This Monastery is crucial to understand the architecture of the Romanesque of the Tâmega and Sousa, not only for its unique architectural and sculptural features, but also due to the fact that this former Benedictine Monastery shelters the tomb of Egas Moniz, one of the key figures of the beginning of Nationality.
The Monastery is a standard-building for the region, visible in its very own decorative style, both in its themes and the sculptural techniques applied.
These value the prismatic columns in the portals, bulb-like bases, resorting to bevelled botanic decorative patterns, developing long friezes inside and outside the church, much in the style of the architecture of the Visigoth and Mozarabic period.
Despite its Romanesque features, the Monastery was built in the 13th century, featuring shares of various periods, including elements that were reused from an older construction, probably from the second half of the 12th century, and others of clear Pre-Romanesque nature which have inspired the artists working in the 13th century workshop.
Built with three naves, a false transept designed in the plan, and wood roofings based on diaphragm arches, the Monastery still features a chevet consisting of three intercommunicating chapels.
Two of these, the lateral ones, are semicircular in the Romanesque style and the central one, with a rectangular plan, is the result of changes made in the Modern Period.
A new building arises on the west side, developed on the basis of the pre-existing church, highlighting a first construction phase in the first flight and axial portal to the west, whose elements, including capitals and corbels, some inspired in the Coimbra tradition, the other in the See of Porto, among other sources, correspond to the earliest moment.
The second phase is represented by the south portal, less archaic than the one to the west, and the contrast between the flights, these being tighter and lower than those of the first phase.
In the third phase, the apses of semicircular plant covered by a broken barrel vault stand out for being quite modern elements within the Romanesque style.
In the last phase of construction of the Monastery, reference should be made to the roofing of the transept and the tower over the cross, whose late architecture resembles the mendicant Gothic.

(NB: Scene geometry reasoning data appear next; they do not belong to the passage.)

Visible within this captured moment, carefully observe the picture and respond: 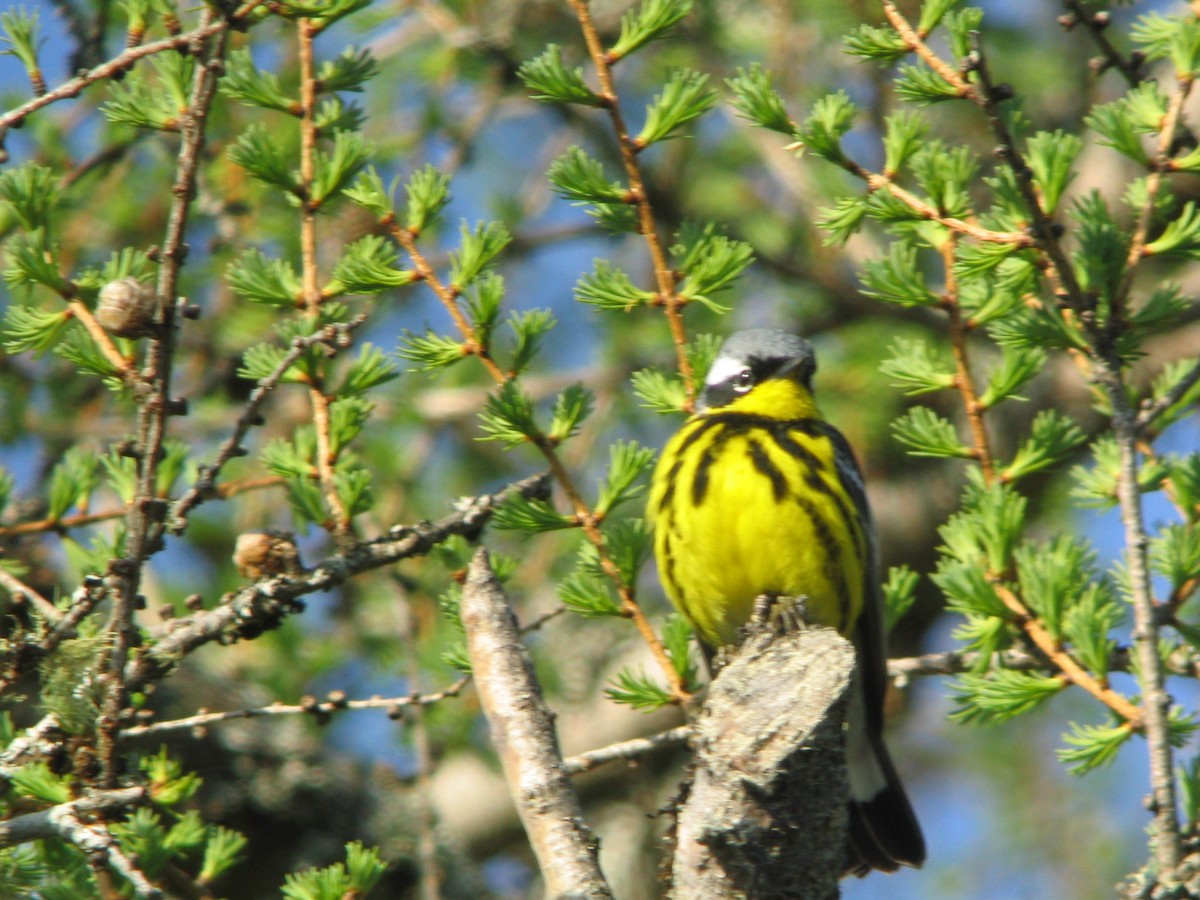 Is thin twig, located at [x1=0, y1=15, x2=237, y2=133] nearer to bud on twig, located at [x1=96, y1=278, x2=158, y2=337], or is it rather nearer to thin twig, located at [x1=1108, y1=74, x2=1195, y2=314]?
bud on twig, located at [x1=96, y1=278, x2=158, y2=337]

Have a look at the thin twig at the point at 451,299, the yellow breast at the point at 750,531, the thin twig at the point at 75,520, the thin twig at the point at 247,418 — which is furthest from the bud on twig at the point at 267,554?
the yellow breast at the point at 750,531

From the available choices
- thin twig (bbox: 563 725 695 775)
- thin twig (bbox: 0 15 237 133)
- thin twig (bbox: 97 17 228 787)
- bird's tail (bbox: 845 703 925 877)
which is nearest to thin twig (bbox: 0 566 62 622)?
thin twig (bbox: 97 17 228 787)

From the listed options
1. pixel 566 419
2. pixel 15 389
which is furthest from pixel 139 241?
pixel 566 419

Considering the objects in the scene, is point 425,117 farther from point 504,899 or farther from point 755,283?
point 504,899

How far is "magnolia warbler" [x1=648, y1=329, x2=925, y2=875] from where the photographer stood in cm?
333

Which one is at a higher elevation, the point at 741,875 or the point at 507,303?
the point at 507,303

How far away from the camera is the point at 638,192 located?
8.87 feet

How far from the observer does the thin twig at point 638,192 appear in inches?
102

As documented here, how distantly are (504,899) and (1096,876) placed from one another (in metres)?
2.42

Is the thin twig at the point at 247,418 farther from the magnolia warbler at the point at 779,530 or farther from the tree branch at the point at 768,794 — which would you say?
the magnolia warbler at the point at 779,530

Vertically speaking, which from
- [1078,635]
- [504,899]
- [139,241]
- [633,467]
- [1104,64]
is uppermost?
[139,241]

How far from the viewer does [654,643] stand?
2795 millimetres

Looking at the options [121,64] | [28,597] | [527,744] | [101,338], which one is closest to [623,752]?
[527,744]

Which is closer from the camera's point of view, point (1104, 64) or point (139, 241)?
point (1104, 64) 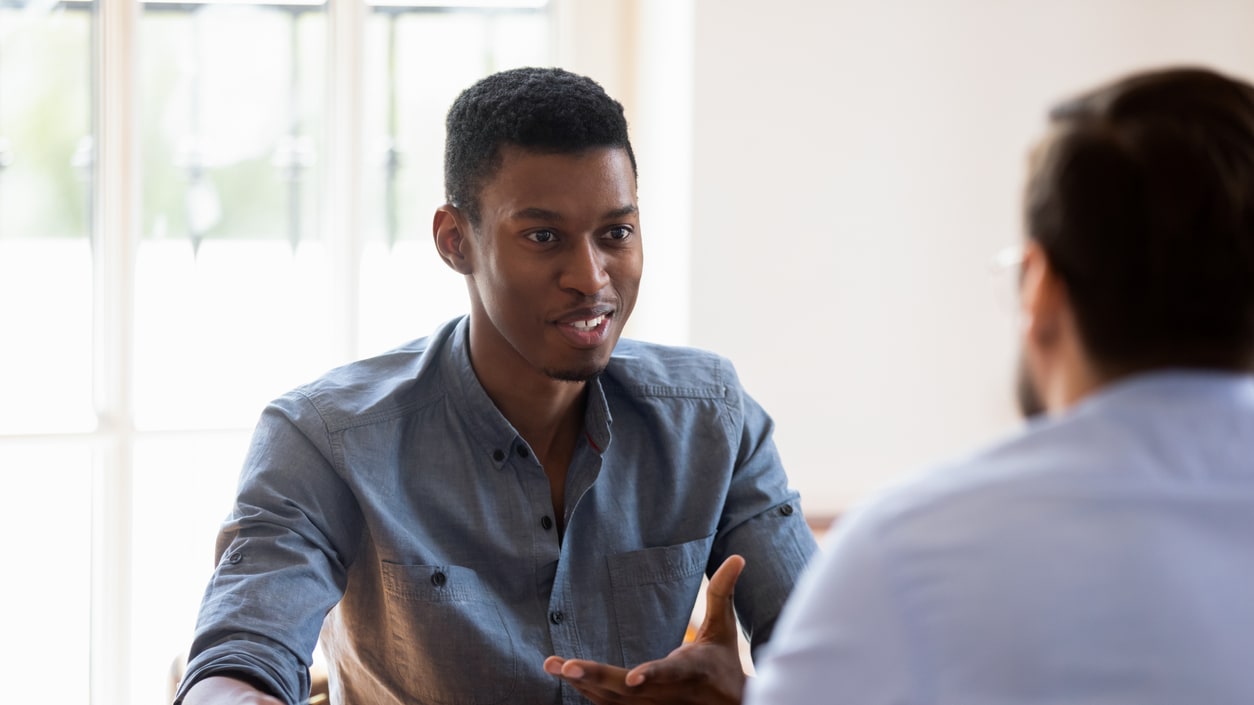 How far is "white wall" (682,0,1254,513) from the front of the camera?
8.59ft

In the portion of the wall of the transept to the north, friezes and lines of ashlars prior to the 13th century construction were integrated, namely in the crevice of the apses, in the frames and some capitals, as the one in the apse to the south, which present a Mozarabic style.
The proto or pre-Romanesque elements and revival, such as the friezes bevelled with botanic decoration, which extend along the walls, both inside and outside, result from the inspiration on the motifs and profiles of the pre-Romanesque lines of ashlars.
Similarly, the diaphragms-arches used in the naves are an element that recalls the spatiality of peninsular pre-Romanesque churches.
Inside the Monastery there are some elements that result from the reform which took place during the Modern Period, namely the space of the chancel, once narrow and deep, underwent several restoration works.
The altarpiece of the main altar shows a design and decor of rather late chronology within the Modern period, with a mixture of the rococo and the emerging neoclassic.
The cloister and the remains of the Monastery building are clearly a result of the reforms of the 17th and 18th centuries.